Numa publicação na página de Facebook do evento, este ano dedicado a “culturas, espaços e lugares”, a organização anunciou o nome do cantor como um dos ‘keynote speakers’, a marcar presença na Casa da Música a 18 de julho, tendo já sido também um dos artistas garantidos pelo Festival Músicas do Mundo deste ano.

Nascido em Inglaterra em 1957, Billy Bragg é, de acordo com a entrada da Enciclopédia Britânica, um cantor, compositor e guitarrista que "se tornou num favorito da crítica e arauto do ativismo populista em meados dos anos 1980 à medida que fundiu o pessoal e o político nas suas canções de amor e consciência".

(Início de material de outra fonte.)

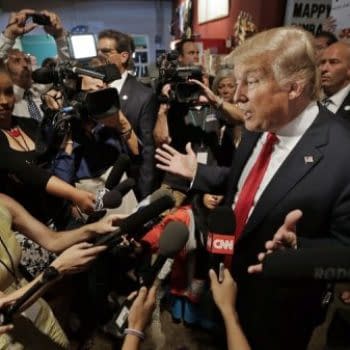 CBLDF Calls President Trump's Media Attacks A Threat To Our Democracy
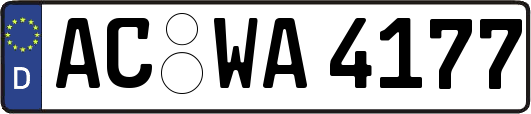 AC-WA4177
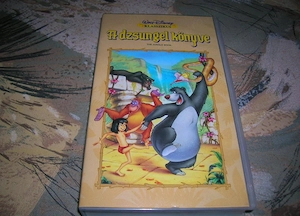 VHS mesefilmek Asterix,Aladdin,Oroszlánkirály, - kép 9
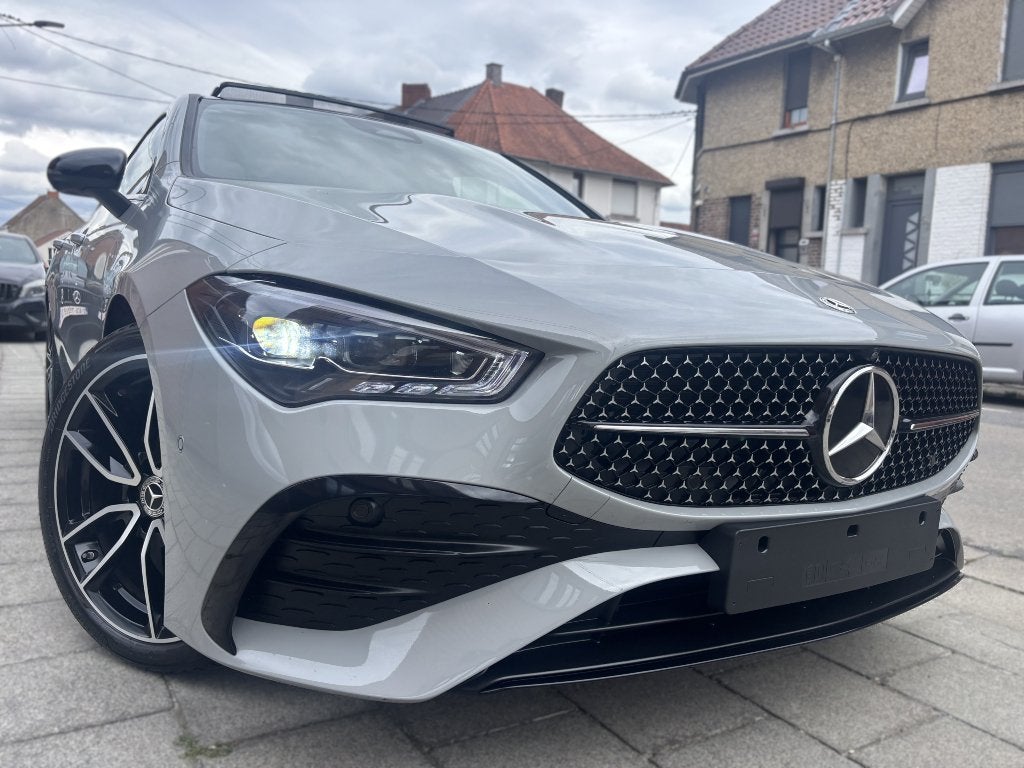 Mercedes-Benz CLA 180 Star Edition/COCKPIT-CAM 360-FULL!!, Autos, 100 kW, Euro 6, Entreprise, Garantie prolongée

A submissão de resumos para o congresso internacional está aberta até dia 22 de março "a investigadores provenientes de todas as áreas da sociologia, da antropologia, da história, da economia cultural, da geografia, do planeamento urbano, dos estudos culturais e dos média e comunicação e disciplinas relacionadas, tais como ‘design’, ilustração, ‘popular music’, cinema, artes visuais e performativas”.

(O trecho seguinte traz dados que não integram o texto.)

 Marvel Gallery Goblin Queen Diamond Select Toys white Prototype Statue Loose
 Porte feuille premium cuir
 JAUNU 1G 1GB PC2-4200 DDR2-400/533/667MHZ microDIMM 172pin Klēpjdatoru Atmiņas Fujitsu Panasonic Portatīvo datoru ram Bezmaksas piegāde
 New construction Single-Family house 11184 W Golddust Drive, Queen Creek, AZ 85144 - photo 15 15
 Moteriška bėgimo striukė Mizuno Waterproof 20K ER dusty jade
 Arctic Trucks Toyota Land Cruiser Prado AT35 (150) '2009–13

“Desafiam-se estudantes, professores/investigadores juniores e seniores, mas também artistas e ativistas, a apresentarem na KISMIF International Conference 2016 trabalhos que explorem o potencial do desenvolvimento teórico e analítico do cruzamento entre as cenas musicais, a cultura ‘Do It Yourself’ [DIY ou "faça você mesmo", na sigla em inglês] e o espaço sob uma visão pluridimensional e pluriforme, de forma a enriquecer a análise das cenas musicais underground e das culturas DIY com o desenvolvimento da teoria social aos mais diversos níveis e esferas disciplinares”, pode ler-se no texto publicado na página da organização.

O KISMIF recorda que “é hoje por demais relevante a importância – neste mundo em mudança fragmentada – que a música e as culturas DIY têm”.

“Mais, grande parte das mudanças que se têm operado no mundo contemporâneo, resultam notadamente da emergência de espaços, de zonas, de cenas locais, translocais e virtuais. O espaço, os espaços, os lugares, as fronteiras, as zonas são, assim, variáveis críticas na abordagem das culturas contemporâneas, dos seus sons, das suas práticas (artísticas, culturais, económicas e sociais), dos seus atores, dos seus contextos”, afirma a organização.